(Saved entries)
▼▼▼

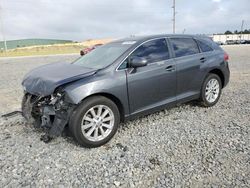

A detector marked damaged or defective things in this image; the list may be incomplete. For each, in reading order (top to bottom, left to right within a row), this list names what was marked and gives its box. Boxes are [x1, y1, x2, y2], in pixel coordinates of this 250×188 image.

damaged front end [21, 89, 74, 142]
front bumper damage [22, 91, 74, 142]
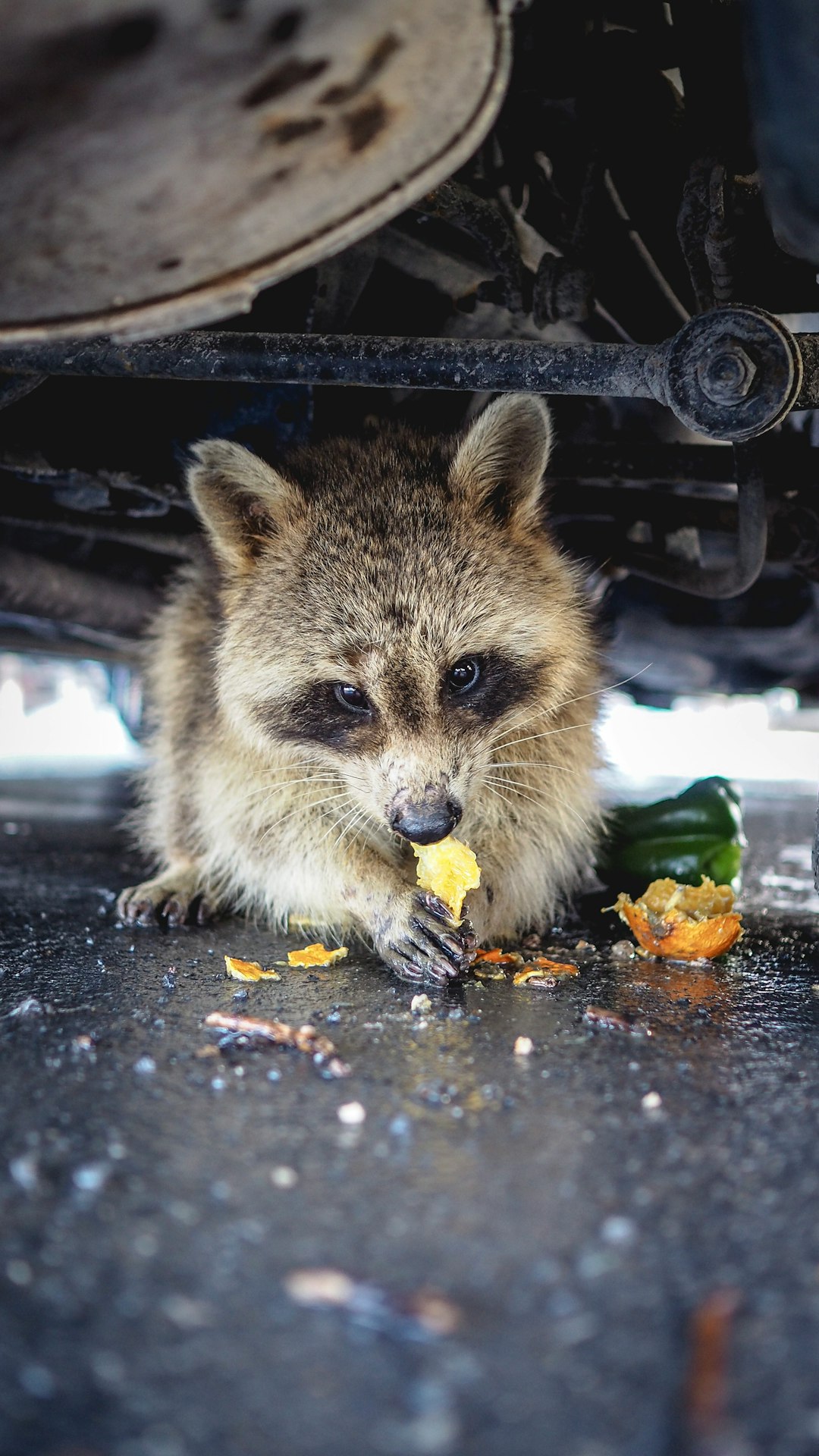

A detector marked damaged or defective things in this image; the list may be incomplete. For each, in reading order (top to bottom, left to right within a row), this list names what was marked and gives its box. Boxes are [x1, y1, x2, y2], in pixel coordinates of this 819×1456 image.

rusty metal disc [0, 0, 507, 340]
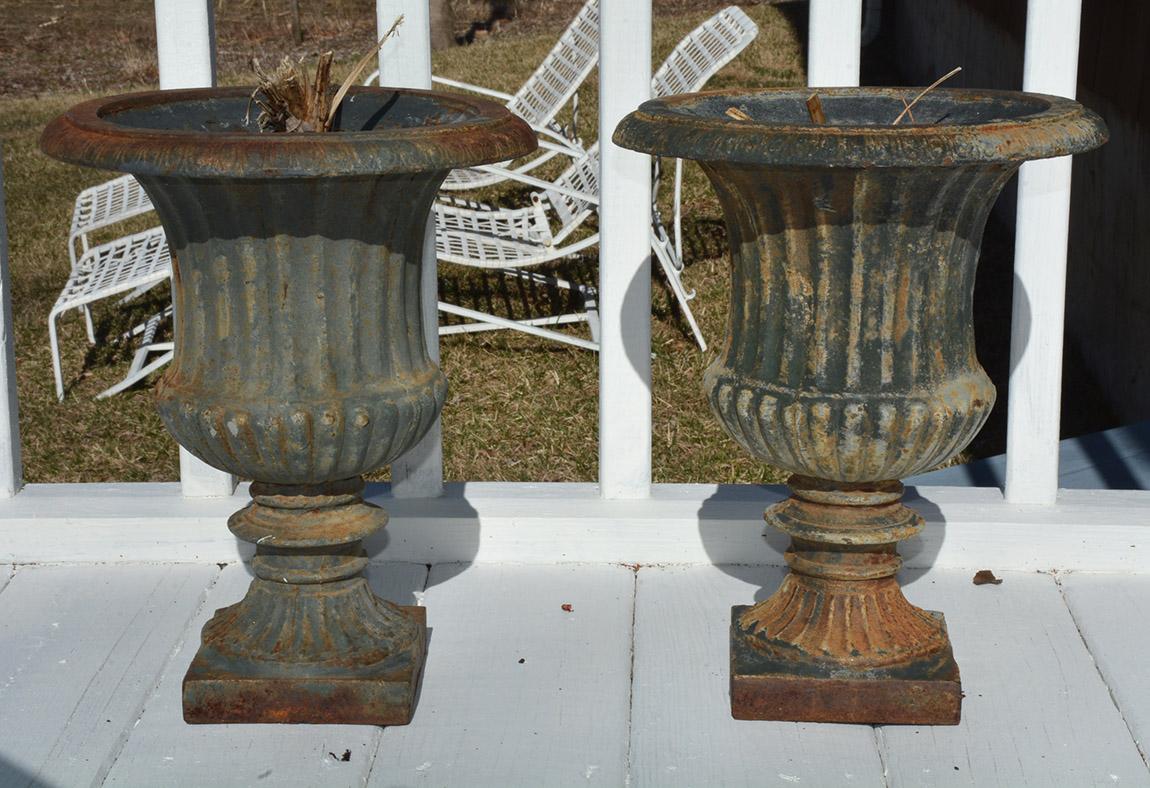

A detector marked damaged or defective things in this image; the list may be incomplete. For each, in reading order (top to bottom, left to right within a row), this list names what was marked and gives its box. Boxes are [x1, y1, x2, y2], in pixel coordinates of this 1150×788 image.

rust oxidation [40, 87, 536, 728]
rust oxidation [616, 87, 1112, 728]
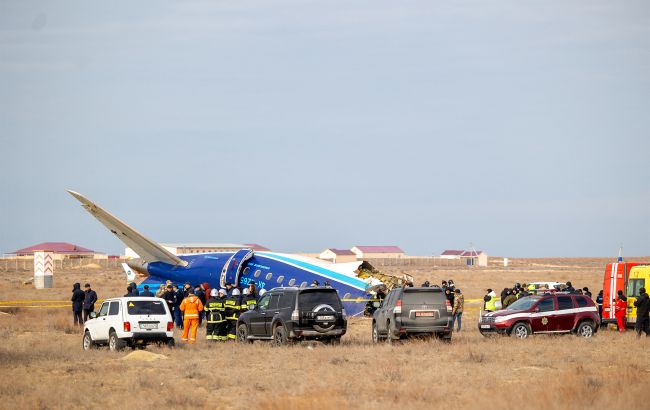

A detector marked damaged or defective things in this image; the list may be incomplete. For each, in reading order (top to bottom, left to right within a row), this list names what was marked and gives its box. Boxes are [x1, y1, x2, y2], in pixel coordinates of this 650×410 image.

crashed airplane [67, 191, 404, 316]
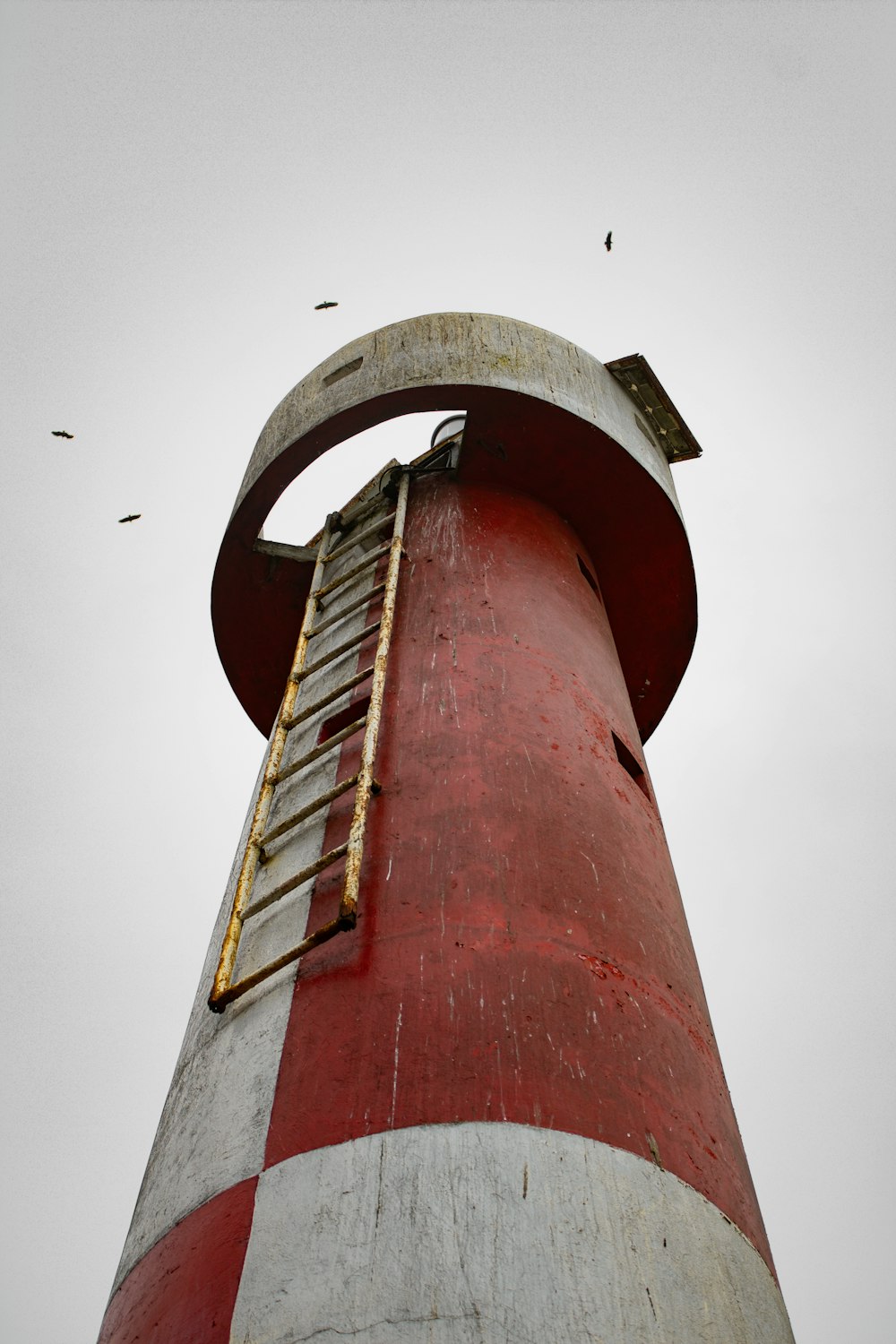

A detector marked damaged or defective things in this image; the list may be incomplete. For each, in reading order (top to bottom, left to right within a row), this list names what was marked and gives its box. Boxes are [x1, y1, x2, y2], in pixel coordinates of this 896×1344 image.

rusty ladder [208, 470, 410, 1011]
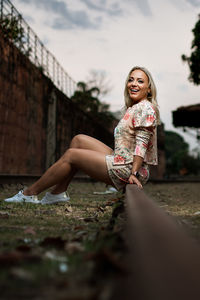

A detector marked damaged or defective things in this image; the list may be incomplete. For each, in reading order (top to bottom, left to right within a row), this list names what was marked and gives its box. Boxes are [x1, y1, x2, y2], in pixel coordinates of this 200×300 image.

▲▲▲

> **Task item**:
Begin at the line containing "this 819×1456 image." and write out every line to the end of the data exactly. Skip the pictures.

> **Response for this exercise**:
A detector marked damaged or defective things in this image; the list may be incomplete. For each, in reading order (top to bottom, left to right within a row), this list names what was marked and gives its box. Boxes are [x1, y1, x2, y2], in pixel coordinates of this 819×1456 image.

rusty metal disc [0, 0, 507, 340]

A detector marked damaged or defective things in this image; the list may be incomplete. For each, in reading order (top to bottom, left to right within a row), this list names what was marked and gives its box. Boxes are [x1, y1, x2, y2], in pixel coordinates of this 1150×788 image.

rust oxidation [40, 87, 536, 728]
rust oxidation [616, 87, 1112, 728]

A detector marked damaged or defective things in this image; the list may be incomplete. For each, in reading order (top to bottom, left to right within a row), this list names what was marked and gives its box. Boxes are [x1, y1, x2, y2], in pixel coordinates of this 650×410 image.

crashed airplane [67, 191, 404, 316]

A detector marked damaged or defective things in this image; the list may be incomplete. For each, in reading order (top to bottom, left to right within a row), this list names what was marked and gives its box. Boxes are [x1, y1, x2, y2], in pixel coordinates of this 896×1344 image.

rusty ladder [208, 470, 410, 1011]

A detector marked damaged or defective things in this image; the list may be incomplete. For each, in reading order (top to bottom, left to right within a row), this list names what was marked and gives its box. Boxes are [x1, y1, x2, y2], in pixel coordinates of this 200×300 image.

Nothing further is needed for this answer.